Don't Know Much About History


"In fourteen hundred ninety two
Columbus sailed the ocean blue..."


Thus begins the little rhyme designed to help schoolchildren learn Important Dates in History. Our focus on Columbus as the "discoverer" of America completely ignores the Norsemen who made the same discovery five centuries earlier. And, according to British author Gavin Menzies, it also discounts the Chinese who beat Columbus here by over 70 years.

Ancient maps, pre-Columbian Chinese beads, Native American folklore, and even the upheaval that accompanied a change in Chinese ruling dynasties are all cited to support the "1421 theory" that Menzies proffers in 1421: The Year China Discovered the World his bestselling book.

Of course, for every historian who embraces the idea, there are hordes of scholars who are slavering to debunk it.

Which just goes to show that no matter how much you think you know, there will always be someone waiting in the wings to prove you wrong. Regardless of one's expertise, regardless of the study, research, blood, sweat, and tears one pours into an endeavor, there will be someone else willing to invest the same amount of effort to show the chinks in the argument's armor.

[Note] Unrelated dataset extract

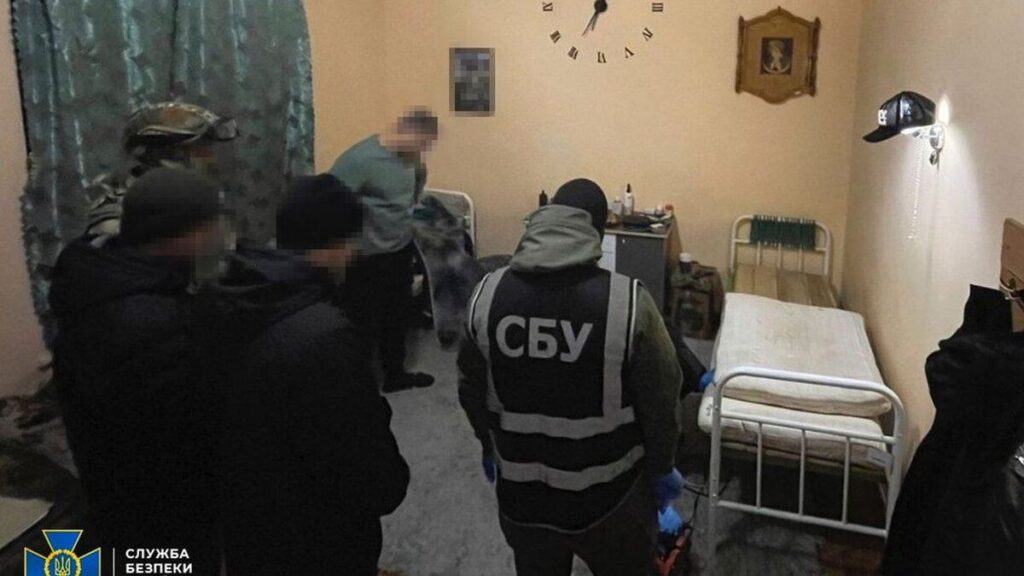 СБУ затримала вязнів вінницької колонії, які обкрадали клієнтів українських банків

It's the yin and yang of truth.

No matter what we believe, we can never be 100% SURE. What is true may be absolute. (Whether or not history ever remembers his name, someone commanded a ship that discovered North America and brought it to the attention of the rest of the world.) But that doesn't mean people will ever buy into it and accept it without argument.

Whether or not you subscribe to the 1421 Theory, it's a fascinating undertaking for someone to pour so much time and energy into questioning the veracity of such a historical behemoth. It's the amateur historian David against the Goliath of conventional wisdom. And it reminds us that though we expect the future to surprise us, our past is just as much a cypher.